I dissent from the holding that the Industrial Commission has the discretion to order benefits payable as of the date permanent total disability is medically confirmed. The main opinion concludes there is no statutory language that explicitly states when benefits for permanent total disability must commence. I believe the commencement date for benefits is specified by statute. As I read Utah Code Ann. § 35-1-67 (1988), an employee is entitled to no permanent total disability benefits until after: 1) the parties waive referral to the rehabilitation division, or 2) the employee is referred to the rehabilitation division and it certifies the employee cannot be rehabilitated.

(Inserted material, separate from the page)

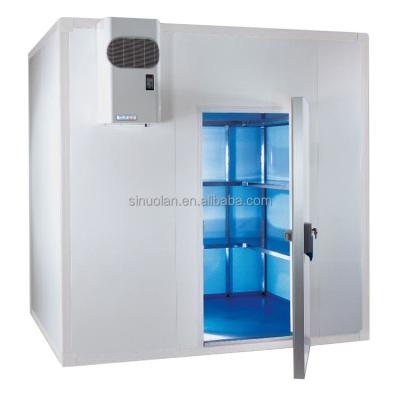 China New Design Walk In Cooler Room Combo Frozen Meat Seafood Beef Chicken Shocking Walk in Freezer Cold Room for sale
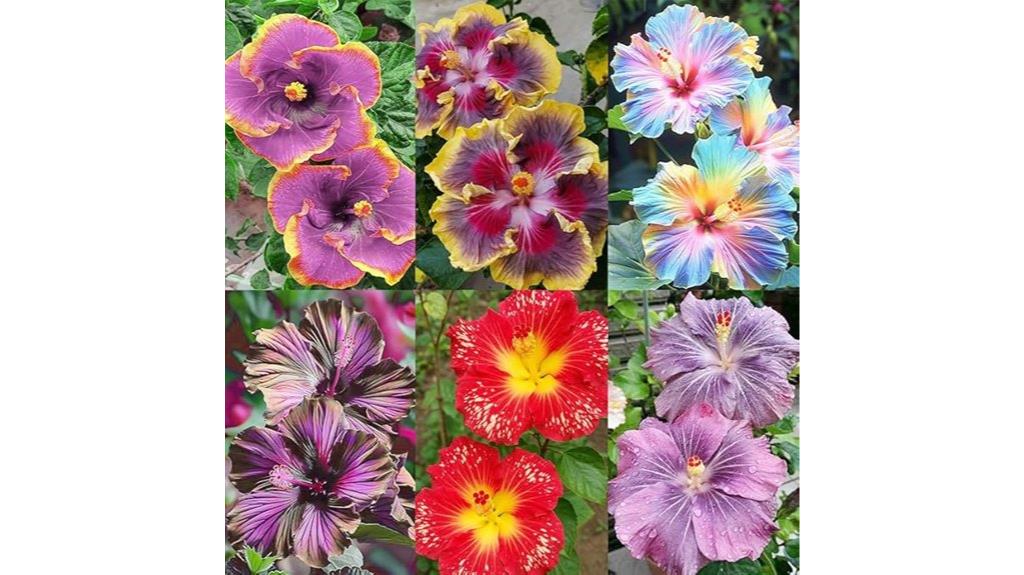 colorful tropical hibiscus seeds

The main opinion quotes an earlier version of the statute for the correct proposition that the Industrial Commission must refer an employee to the rehabilitation division when the employee is tentatively found to be permanently and totally disabled. The section continued:
If and when the division ... certifies [that] ... in the opinion of the division the employee may not be rehabilitated, then the commission shall order that there be paid to such employee weekly benefits_ No employee, however, shall be entitled to any such benefits if he fails or refuses to co-operate [sic] with the division....
My interpretation of the statute limits the discretion of the Commission to commence benefits at some earlier date. I concede this is inconsistent with language in Oman v. Industrial Commission, 735 P.2d 665 (Utah App.1987), where the issue now decided was not directly addressed. To the extent it is inconsistent with our statute, Oman should be overruled. If the Commission is to have discretion to vary the commencement date for benefits, the discretion must be created by the legislature, not this Court.
I would order that permanent total disability benefits are payable as of October 30, 1985, the date the parties waived referral to the rehabilitation division.